ITEM 25.  OTHER EXPENSES OF ISSUANCE AND DISTRIBUTION

         The following table sets forth the expenses expected to be incurred by
us in connection with the issuance and distribution of the Common Stock
registered hereby, all of which expenses, except for the Securities and Exchange
Commission registration fee, are estimates:

                 DESCRIPTION                                     AMOUNT
                                                                --------
       Securities and Exchange Commission registration fee ...  $  1,195
       Accounting fees and expenses ..........................    30,000*
       Legal fees and expenses ...............................   185,000*
       Miscellaneous fees and expenses .......................    33,805*
                                                                --------
             Total ...........................................  $250,000*
                                                                ========

-------------
* Estimated

ITEM 26.  RECENT SALES OF UNREGISTERED SECURITIES

         The following sets forth certain information for all securities we sold
during the past three years without registration under the Securities Act:

1999

         On various dates in 1999, our predecessor, Military Resale Group, Inc.,
a Maryland corporation ("MRG-Maryland"), sold an aggregate of 1,520,000 shares
of its common stock to Xcel Associates, Inc., one of our principal shareholders,
for aggregate consideration of $135,000. Such shares were issued by MRG-Maryland
in reliance on the exemption from registration provided by Section 4(2) of the
Securities Act of 1933, as amended, on the basis that such issuance did not
involve a public offering, no underwriter fees or commissions were paid in
connection with such issuance, and such person was an 'accredited investor' as
defined in Regulation D under the Securities Act of 1933, as amended.

2000
         None.

                                      II-2



2001

         On August 1, 2001, MRG-Maryland issued options to purchase 1,000,000
shares of its common stock to Ronald Steenbergen, a consultant.

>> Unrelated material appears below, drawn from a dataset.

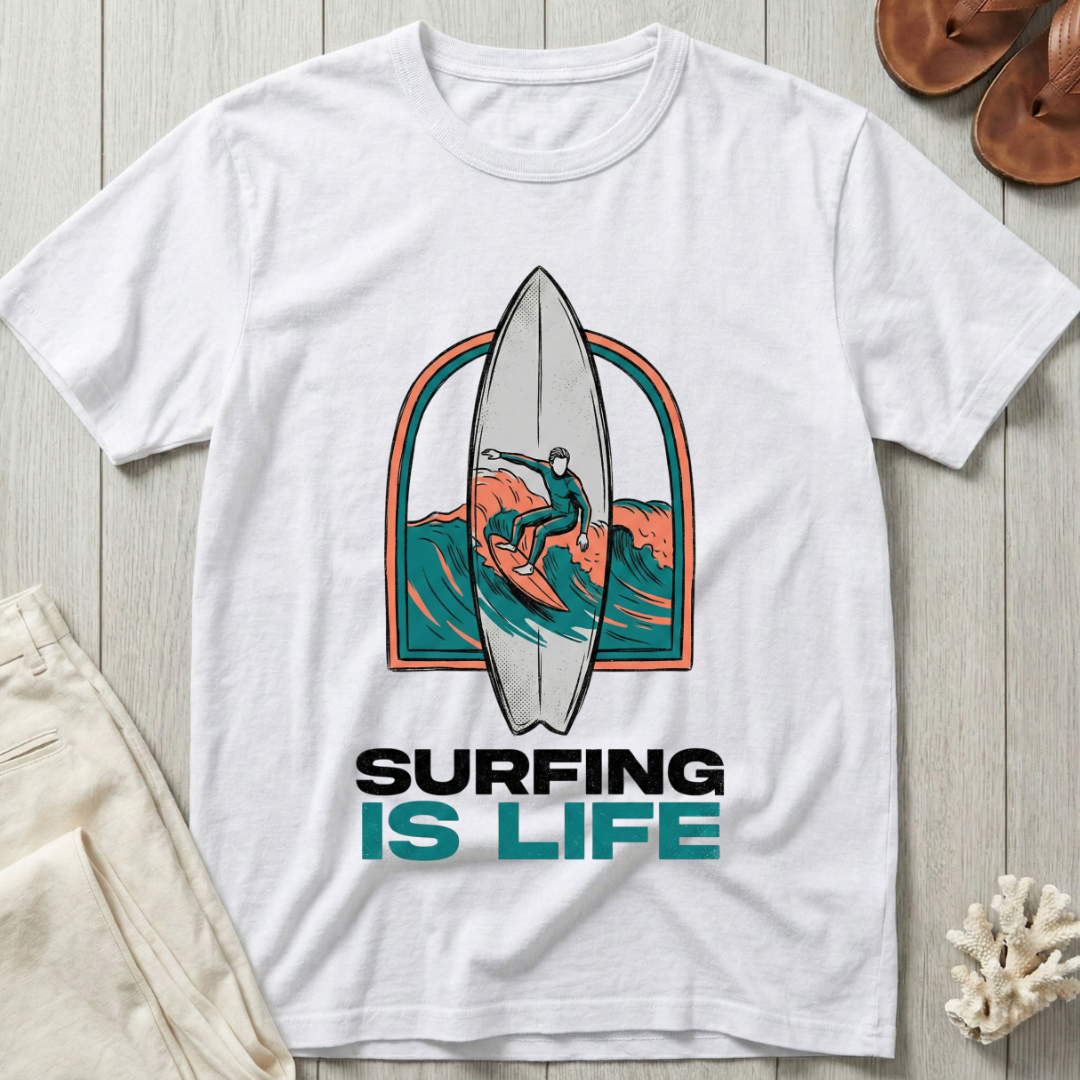 Surfing is Life - Surfboard Portrait T-Shirt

In connection
with the Reverse Acquisition, we assumed the obligations under the option
agreement and, upon exercise, will issue shares of our common stock in
substitution for the shares of the MRG-Maryland. Such options were exercisable
for one year at an exercise price of $0.50 per share and expired in August 2002.
Such options were issued in reliance upon the exemption from registration
provided by Section 4(2) of the Securities Act of 1933, as amended, on the basis
that such issuance did not involve a public offering, no underwriter fees or
commissions were paid in connection with such issuance and such person was an
'accredited investor' as defined in Regulation D under the Securities Act of
1933, as amended.

         In November 2001, we issued an aggregate of 5,410,000 shares of our
common stock to the eleven stockholders of Military Resale Group, Inc., a
Maryland corporation, in connection with the Reverse Acquisition. Such shares
were issued in reliance on the exemption from registration provided by Section
4(2) of the Securities Act of 1933, as amended, on the basis that such issuance
did not involve a public offering, no underwriter fees or commissions were paid
in connection with such issuance and such persons represented to us that they
were 'accredited investors' as defined in Regulation D under the Securities Act
of 1933, as amended.


         In December 2001, we issued an aggregate of 875,000 shares of our
common stock to an aggregate of 13 of our employees and directors as bonus
compensation for services rendered in 2001. As no additional consideration was
paid to the Company by the recipients of such shares, such issuances were not
"offers" or "sales" as defined in the Securities Act of 1933, as amended, nor
subject to the registration requirements of the Securities Act of 1933, as
amended.

         In December 2001, we issued $35,000 aggregate principal amount of
convertible notes to two purchasers. Such notes are convertible at any time and
from time to time by the noteholders into a maximum of 367,150 shares of our
common stock (subject to certain anti-dilution adjustments) if such convertible
notes are not in default, or a maximum of 734,300 shares of our common stock
(subject to certain anti-dilution adjustments) if an event of default has
occurred in respect of such convertible notes. The terms of such convertible
notes require us to register under the Securities Act of 1933 the shares our
common stock issuable upon conversion of such convertible notes not later than
December 31, 2002. Such notes were issued in reliance upon the exemption from
registration provided by Section 4(2) of the Securities Act of 1933, as amended,
on the basis that such issuance did not involve a public offering, no
underwriter fees or commissions were paid in connection with such issuance and
such persons were 'accredited investors' as defined in Regulation D under the
Securities Act of 1933, as amended.



2002


         In the first six months of 2002, we issued $225,000 aggregate principal
amount of convertible notes to nine purchasers. At the time of issuance, such
notes were convertible at any time and from time to time by the noteholders into
a maximum of 2,340,000 shares of our common stock (subject to certain
anti-dilution adjustments) if such convertible notes are not in default, or a
maximum of 4,680,000 shares of our common stock (subject to certain
anti-dilution adjustments) if an event of default has occurred in respect of
such convertible notes. The terms of such convertible notes require us to
register under the Securities Act of 1933 the shares our common stock issuable
upon conversion of such convertible notes not later than December 31, 2002. Such
notes were issued in reliance upon the exemption from registration provided by
Section 4(2) of the Securities Act of 1933, as amended, on the basis that such
issuance did not involve a public offering, no underwriter fees or commissions
were paid in connection with such issuance and such



                                      II-3




persons were 'accredited investors' as defined in Regulation D under the
Securities Act of 1933, as amended.


         In April 2002, we issued an aggregate of 1,993,573 restricted shares of
our common stock to two holders of our convertible promissory notes in
connection with the conversion of $150,000 aggregate principal amount of such
notes plus $2,380 of accrued interest thereon into shares of our common stock.
Such shares were issued by us in reliance upon the exemption from registration
provided by Section 3(a)(9) of the Securities Act of 1933, as amended.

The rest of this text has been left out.